Return the data word for word. Pictures are to be omitted.

• [Data provided]:
=== Section Start ===

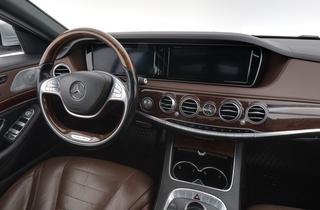 Mercedes-Benz S vaihtoauto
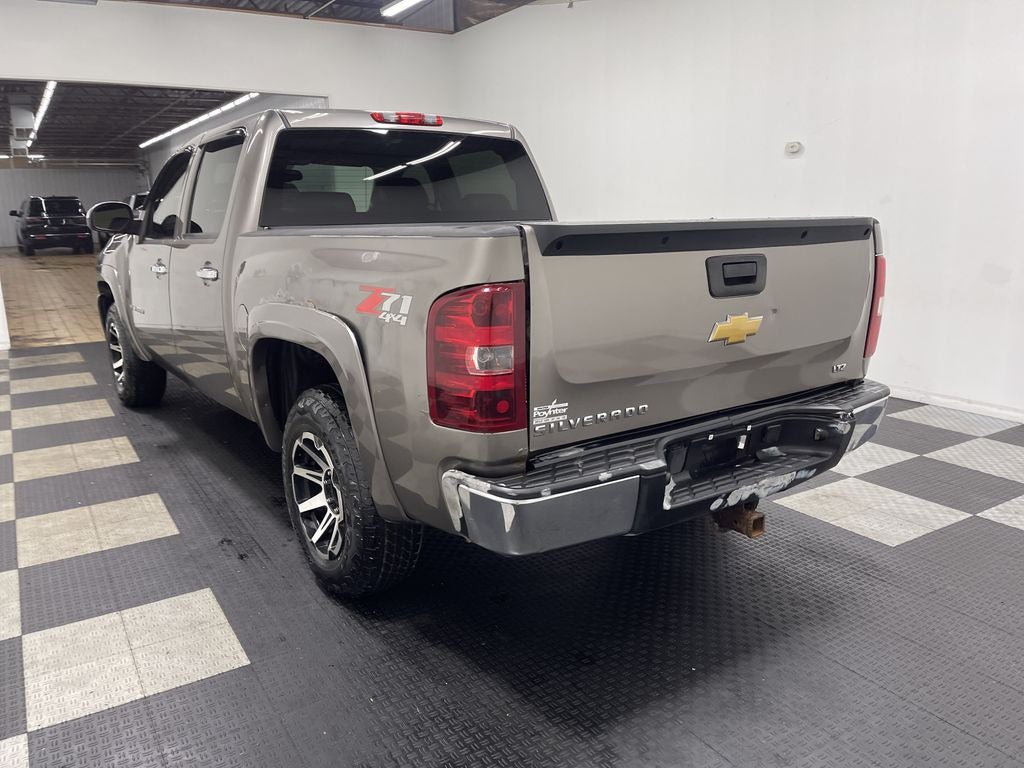Used 2012 Chevrolet Silverado 1500 LTZ with VIN 3GCPKTE7XCG284639 for sale in Seymour, IN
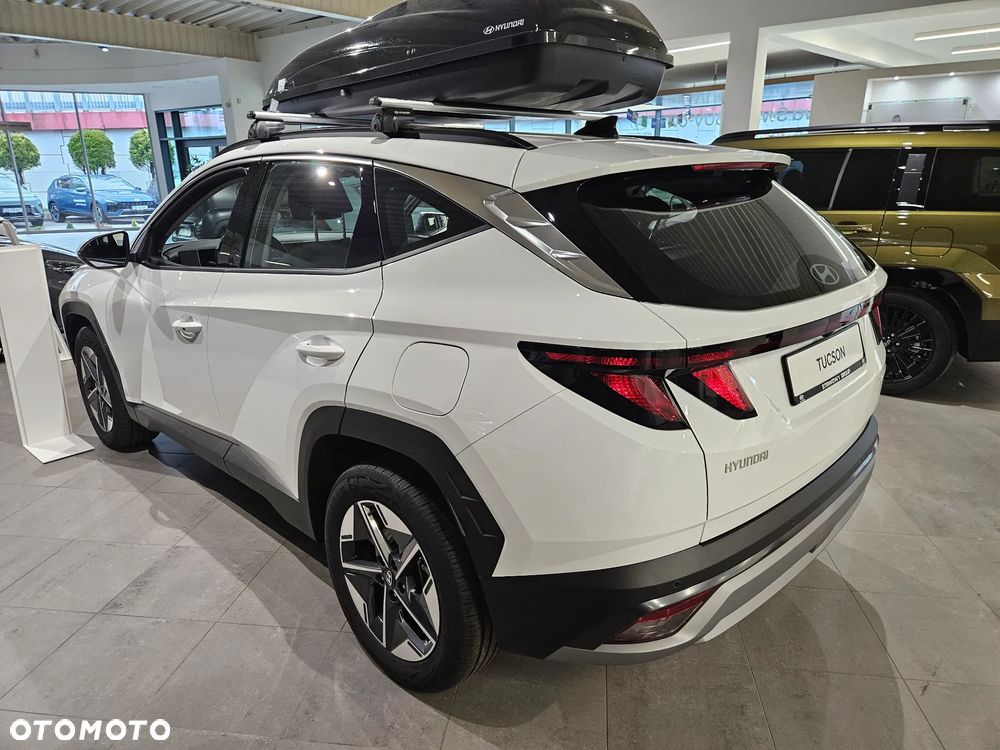 Hyundai Tucson 1.6 T-GDi Smart 2WD - 2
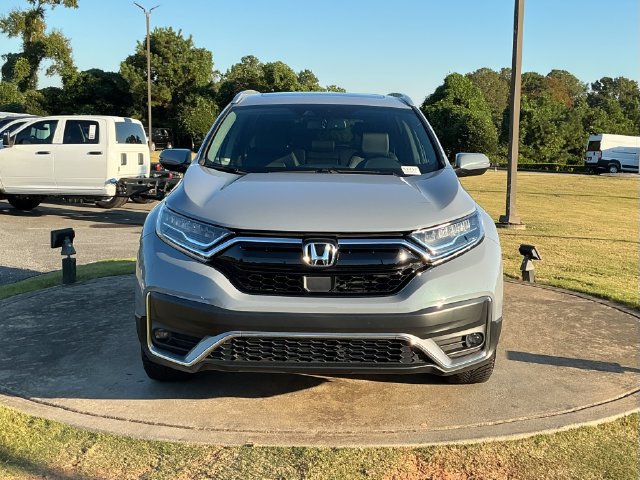 Used 2021 Honda CR-V Touring image 2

=== Section End ===

• [Exercise answer]:
 Mercedes-Benz S vaihtoauto
Used 2012 Chevrolet Silverado 1500 LTZ with VIN 3GCPKTE7XCG284639 for sale in Seymour, IN
 Hyundai Tucson 1.6 T-GDi Smart 2WD - 2
 Used 2021 Honda CR-V Touring image 2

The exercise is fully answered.